■ Required work
In the entries below, find the line with "SUUKSESS Women Cotton" and transcribe it and every line after it exactly, through the last line, without pictures.

------ Input material ------

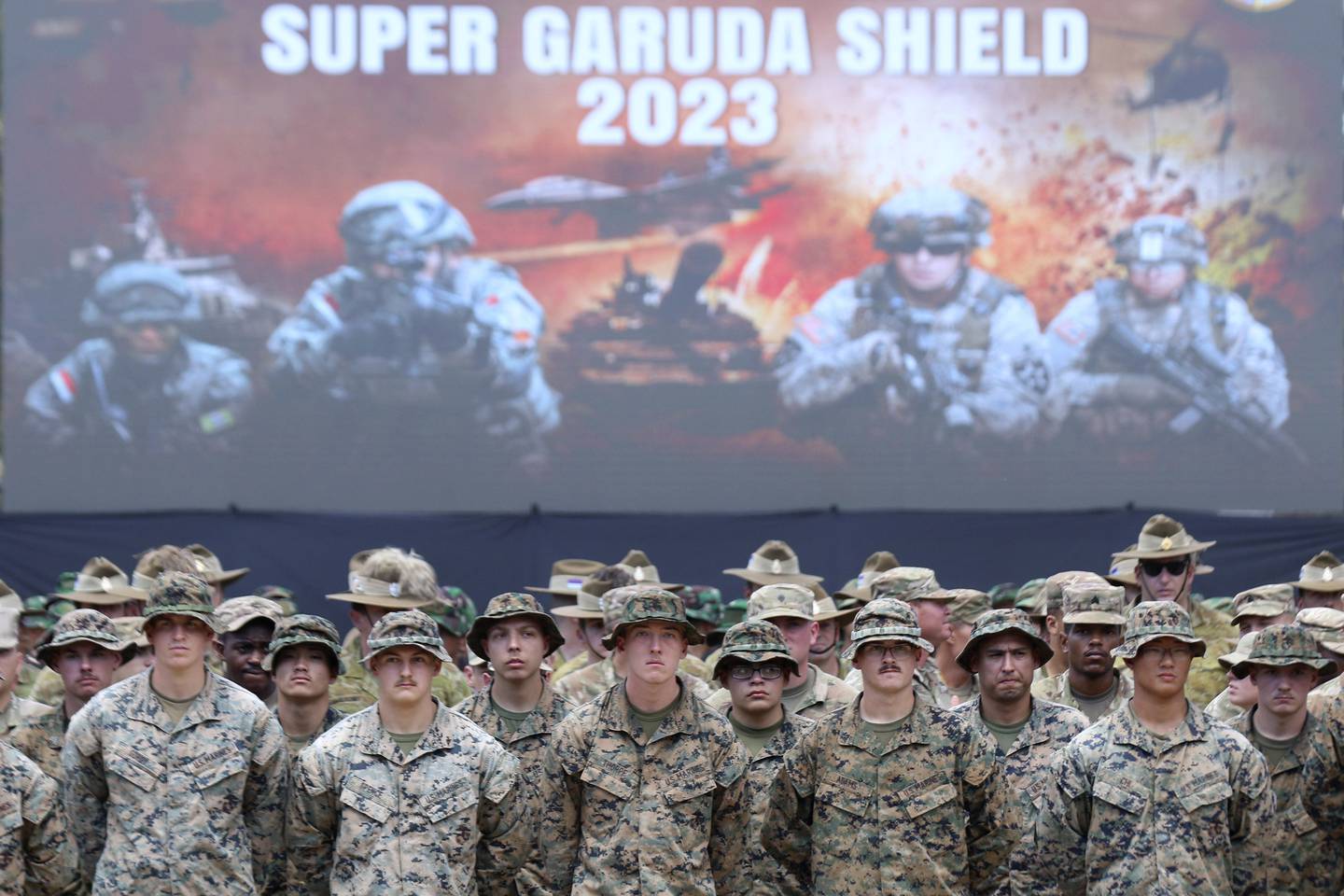 U.S. Marines attend the opening ceremony of Super Garuda Shield 2023 in Baluran, East Java, Indonesia, Thursday, Aug. 31, 2023.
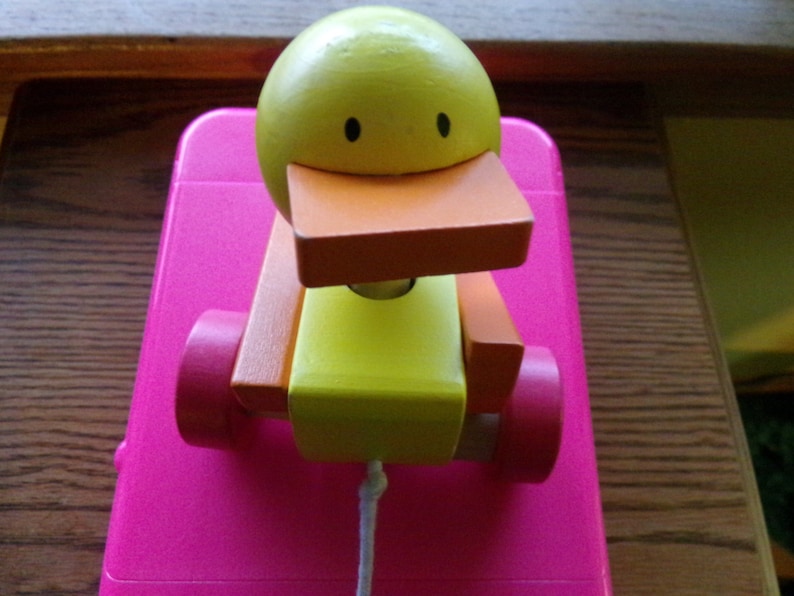 Vintage wooden duck pull toy wooden duck 1970\u2019s pull toy gift for baby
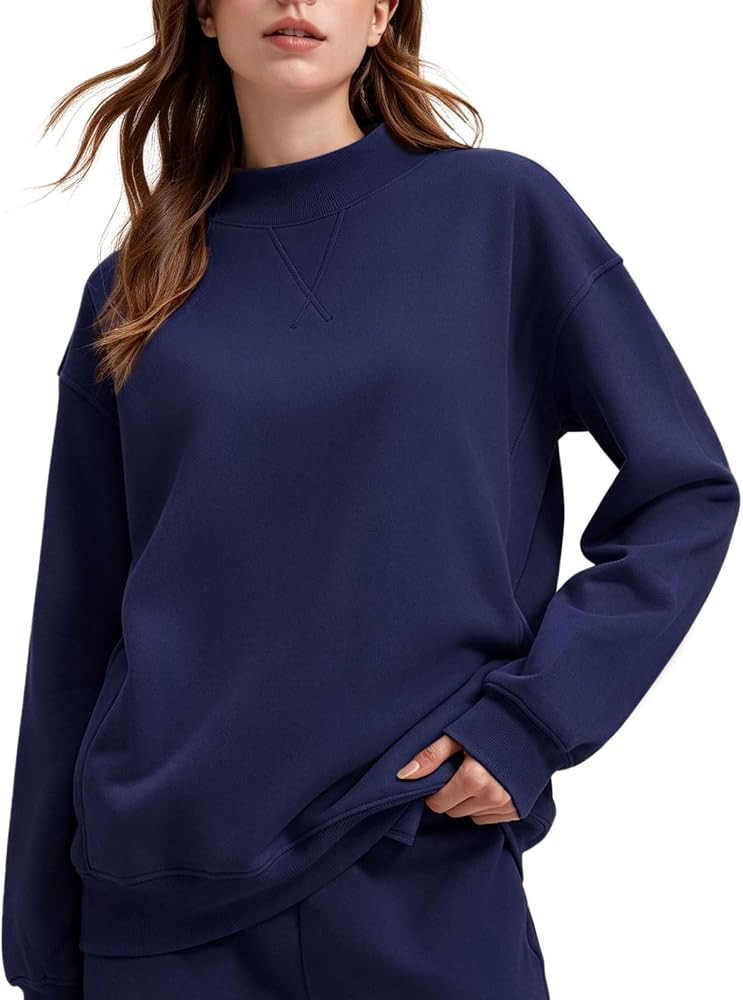 SUUKSESS Women Cotton Mock Neck Sweatshirts Oversized Long Sleeve Pullover | Amazon (US)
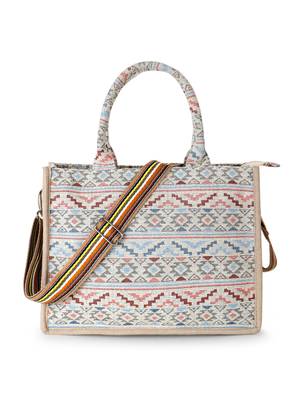 Tribal Nude & Multi Jacquard Cotton Canvas Klim Self Design Handheld Bag 2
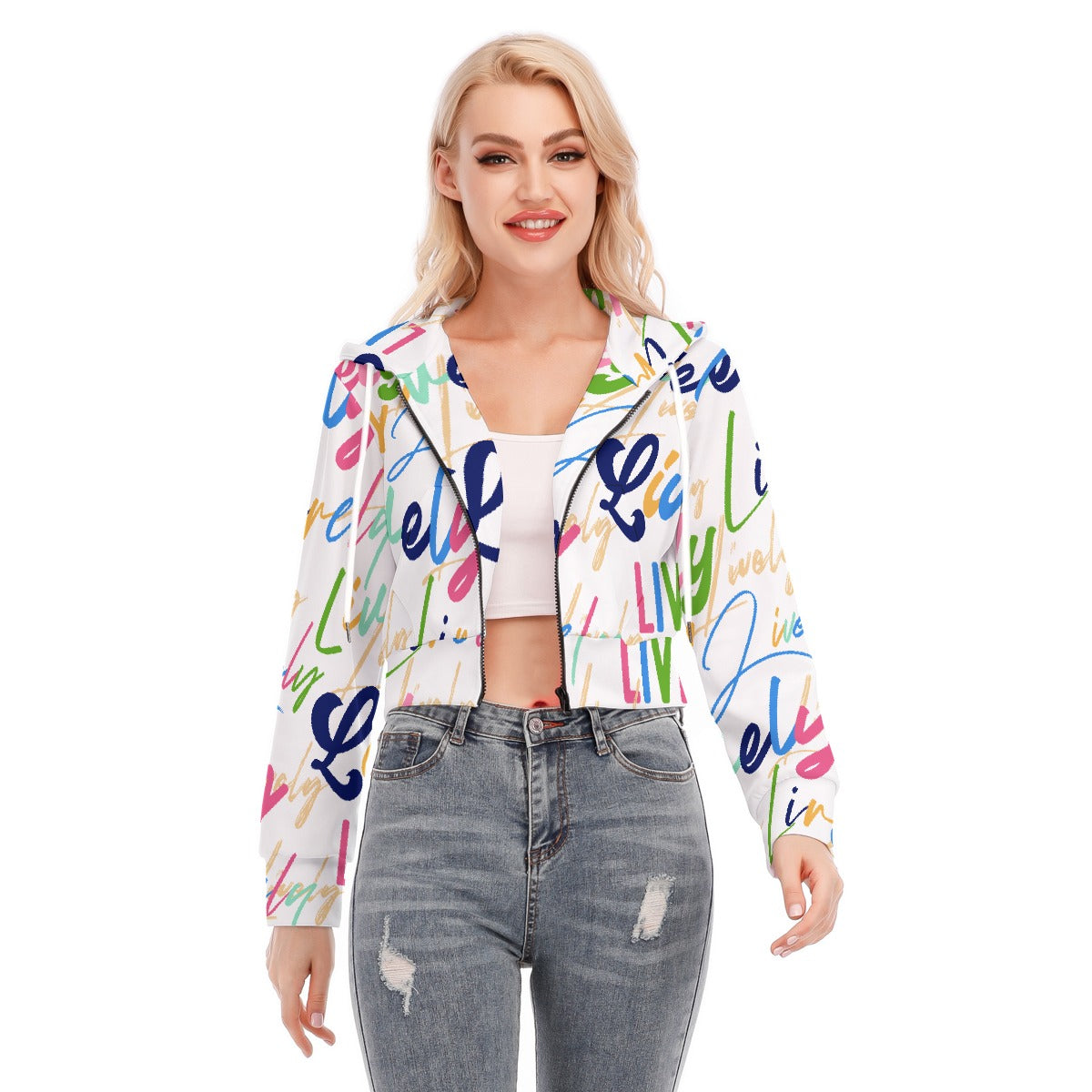 All-Over Print Women's Crop Top Hoodie With Zipper Closure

------

■ Answer space
 SUUKSESS Women Cotton Mock Neck Sweatshirts Oversized Long Sleeve Pullover | Amazon (US)
 Tribal Nude & Multi Jacquard Cotton Canvas Klim Self Design Handheld Bag 2
 All-Over Print Women's Crop Top Hoodie With Zipper Closure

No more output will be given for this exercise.